- **TASK OBJECTIVE**: When you reach the line containing "Bosch 4-1/2 In." in the entries below, begin reproducing lines exactly, and stop once the line containing "Fits Toyota Camry" is done.

- **DATASET EXCERPTS**:
'''

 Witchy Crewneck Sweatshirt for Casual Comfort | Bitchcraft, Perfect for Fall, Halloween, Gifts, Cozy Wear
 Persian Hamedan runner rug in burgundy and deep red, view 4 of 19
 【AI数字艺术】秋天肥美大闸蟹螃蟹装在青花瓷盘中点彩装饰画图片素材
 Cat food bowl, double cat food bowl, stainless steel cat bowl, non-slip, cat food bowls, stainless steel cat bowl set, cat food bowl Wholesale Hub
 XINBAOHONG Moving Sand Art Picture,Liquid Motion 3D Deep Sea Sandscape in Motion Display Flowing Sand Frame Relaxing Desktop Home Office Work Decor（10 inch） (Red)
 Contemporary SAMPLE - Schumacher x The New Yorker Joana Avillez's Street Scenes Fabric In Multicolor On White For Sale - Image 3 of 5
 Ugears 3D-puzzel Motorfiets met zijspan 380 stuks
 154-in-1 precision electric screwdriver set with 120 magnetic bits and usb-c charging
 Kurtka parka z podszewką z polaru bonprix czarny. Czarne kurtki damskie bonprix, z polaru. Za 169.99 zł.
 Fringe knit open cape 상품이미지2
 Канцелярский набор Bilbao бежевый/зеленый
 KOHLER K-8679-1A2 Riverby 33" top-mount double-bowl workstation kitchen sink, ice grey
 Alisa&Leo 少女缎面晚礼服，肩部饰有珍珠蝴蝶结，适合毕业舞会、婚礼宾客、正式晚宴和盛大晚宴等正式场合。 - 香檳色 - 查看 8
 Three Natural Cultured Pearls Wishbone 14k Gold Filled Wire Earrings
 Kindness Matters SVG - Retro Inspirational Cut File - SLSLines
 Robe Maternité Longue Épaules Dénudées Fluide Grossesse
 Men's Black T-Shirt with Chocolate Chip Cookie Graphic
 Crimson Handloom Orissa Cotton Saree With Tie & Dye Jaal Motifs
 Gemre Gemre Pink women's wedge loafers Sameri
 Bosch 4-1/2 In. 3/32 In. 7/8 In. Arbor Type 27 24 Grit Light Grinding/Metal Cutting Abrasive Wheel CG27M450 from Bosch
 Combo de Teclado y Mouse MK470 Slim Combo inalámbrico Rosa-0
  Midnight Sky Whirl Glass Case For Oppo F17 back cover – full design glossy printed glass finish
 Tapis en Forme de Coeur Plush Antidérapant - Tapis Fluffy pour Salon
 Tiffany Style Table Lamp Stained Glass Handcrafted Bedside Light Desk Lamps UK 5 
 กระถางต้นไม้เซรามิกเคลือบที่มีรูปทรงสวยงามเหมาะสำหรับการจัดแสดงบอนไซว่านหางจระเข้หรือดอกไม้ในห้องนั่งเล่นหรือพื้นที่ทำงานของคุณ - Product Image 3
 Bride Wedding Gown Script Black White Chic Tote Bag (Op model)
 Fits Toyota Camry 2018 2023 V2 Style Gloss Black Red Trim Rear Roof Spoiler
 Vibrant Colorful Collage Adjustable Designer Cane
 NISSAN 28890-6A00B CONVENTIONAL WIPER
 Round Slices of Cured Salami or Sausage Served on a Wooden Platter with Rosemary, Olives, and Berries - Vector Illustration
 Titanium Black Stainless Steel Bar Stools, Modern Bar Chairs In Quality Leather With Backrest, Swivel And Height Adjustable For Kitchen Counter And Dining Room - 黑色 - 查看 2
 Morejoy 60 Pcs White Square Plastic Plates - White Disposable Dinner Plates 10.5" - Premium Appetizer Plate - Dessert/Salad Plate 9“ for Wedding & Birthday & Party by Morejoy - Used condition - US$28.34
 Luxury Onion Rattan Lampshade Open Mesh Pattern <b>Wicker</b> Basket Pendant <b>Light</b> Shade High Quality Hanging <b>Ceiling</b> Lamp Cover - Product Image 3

'''

- **TASK OUTPUT**:
 Bosch 4-1/2 In. 3/32 In. 7/8 In. Arbor Type 27 24 Grit Light Grinding/Metal Cutting Abrasive Wheel CG27M450 from Bosch
 Combo de Teclado y Mouse MK470 Slim Combo inalámbrico Rosa-0
  Midnight Sky Whirl Glass Case For Oppo F17 back cover – full design glossy printed glass finish
 Tapis en Forme de Coeur Plush Antidérapant - Tapis Fluffy pour Salon
 Tiffany Style Table Lamp Stained Glass Handcrafted Bedside Light Desk Lamps UK 5 
 กระถางต้นไม้เซรามิกเคลือบที่มีรูปทรงสวยงามเหมาะสำหรับการจัดแสดงบอนไซว่านหางจระเข้หรือดอกไม้ในห้องนั่งเล่นหรือพื้นที่ทำงานของคุณ - Product Image 3
 Bride Wedding Gown Script Black White Chic Tote Bag (Op model)
 Fits Toyota Camry 2018 2023 V2 Style Gloss Black Red Trim Rear Roof Spoiler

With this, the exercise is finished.